Stored records:
---------------

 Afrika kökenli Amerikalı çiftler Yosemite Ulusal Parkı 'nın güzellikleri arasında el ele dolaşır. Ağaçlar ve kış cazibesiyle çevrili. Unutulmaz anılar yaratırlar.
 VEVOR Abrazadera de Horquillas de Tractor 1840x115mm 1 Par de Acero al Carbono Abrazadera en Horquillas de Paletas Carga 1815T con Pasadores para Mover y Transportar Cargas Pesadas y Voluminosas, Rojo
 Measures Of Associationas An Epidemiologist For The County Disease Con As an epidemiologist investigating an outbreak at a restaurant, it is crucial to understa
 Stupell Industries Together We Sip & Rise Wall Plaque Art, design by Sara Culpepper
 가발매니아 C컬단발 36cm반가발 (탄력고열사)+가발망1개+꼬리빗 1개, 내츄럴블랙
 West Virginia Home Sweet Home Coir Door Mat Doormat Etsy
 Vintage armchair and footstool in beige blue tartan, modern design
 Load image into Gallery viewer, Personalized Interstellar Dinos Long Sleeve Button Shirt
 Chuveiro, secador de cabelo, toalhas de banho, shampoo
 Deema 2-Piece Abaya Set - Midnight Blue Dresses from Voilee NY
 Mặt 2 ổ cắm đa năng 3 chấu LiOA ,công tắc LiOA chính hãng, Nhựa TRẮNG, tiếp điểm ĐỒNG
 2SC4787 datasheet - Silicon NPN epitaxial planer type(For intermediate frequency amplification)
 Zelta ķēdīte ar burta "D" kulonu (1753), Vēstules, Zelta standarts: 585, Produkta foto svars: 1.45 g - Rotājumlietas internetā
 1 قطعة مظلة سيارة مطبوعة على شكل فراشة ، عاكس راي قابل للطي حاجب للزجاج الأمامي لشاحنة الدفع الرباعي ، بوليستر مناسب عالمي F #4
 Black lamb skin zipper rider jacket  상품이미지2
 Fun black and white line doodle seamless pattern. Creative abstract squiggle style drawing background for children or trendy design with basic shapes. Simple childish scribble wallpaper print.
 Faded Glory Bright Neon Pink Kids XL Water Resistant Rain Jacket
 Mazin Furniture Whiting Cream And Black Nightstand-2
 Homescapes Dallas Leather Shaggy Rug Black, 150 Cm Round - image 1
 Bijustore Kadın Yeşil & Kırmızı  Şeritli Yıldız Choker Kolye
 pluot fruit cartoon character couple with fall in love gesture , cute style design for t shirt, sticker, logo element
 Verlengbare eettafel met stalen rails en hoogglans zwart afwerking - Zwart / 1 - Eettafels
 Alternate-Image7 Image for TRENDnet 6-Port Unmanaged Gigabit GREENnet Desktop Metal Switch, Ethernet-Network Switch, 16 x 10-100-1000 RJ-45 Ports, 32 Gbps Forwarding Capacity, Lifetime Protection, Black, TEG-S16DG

---------------

Copy out every line from the data above in which the word "style" occurs.

 Fun black and white line doodle seamless pattern. Creative abstract squiggle style drawing background for children or trendy design with basic shapes. Simple childish scribble wallpaper print.
 pluot fruit cartoon character couple with fall in love gesture , cute style design for t shirt, sticker, logo element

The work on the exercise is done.